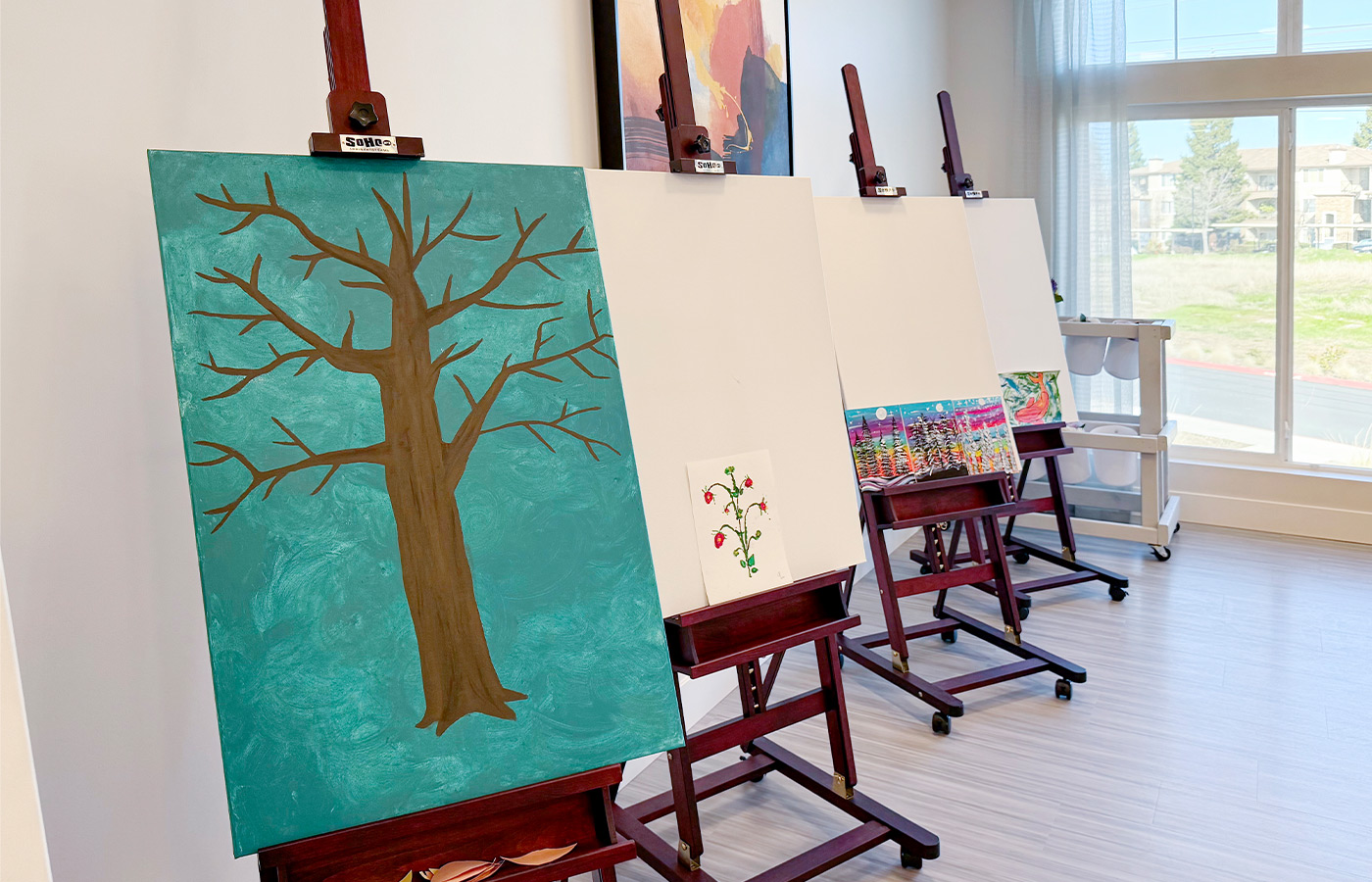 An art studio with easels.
...
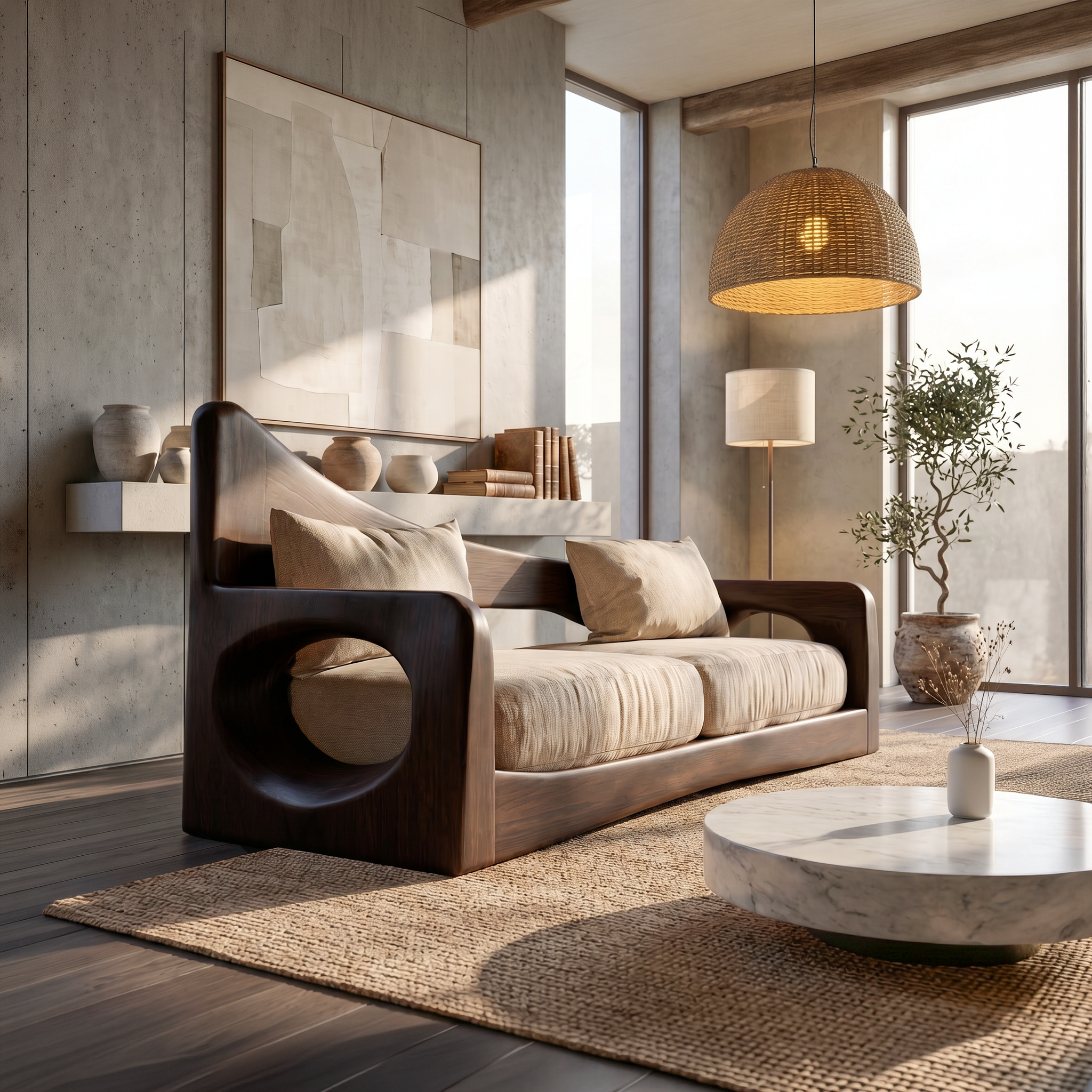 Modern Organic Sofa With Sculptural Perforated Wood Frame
---
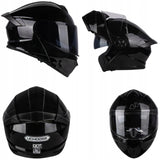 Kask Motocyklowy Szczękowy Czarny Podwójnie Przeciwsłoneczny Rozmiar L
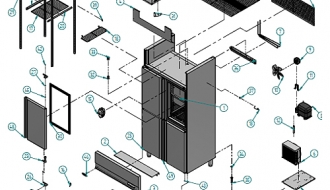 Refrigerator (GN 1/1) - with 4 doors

Task to complete
Copy only the lines above from the one containing "Kask Motocyklowy Szczękowy" through the one containing "Refrigerator (GN 1/1) - with 4 doors", both included. Leave out the pictures.

Finished task
 Kask Motocyklowy Szczękowy Czarny Podwójnie Przeciwsłoneczny Rozmiar L
 Refrigerator (GN 1/1) - with 4 doors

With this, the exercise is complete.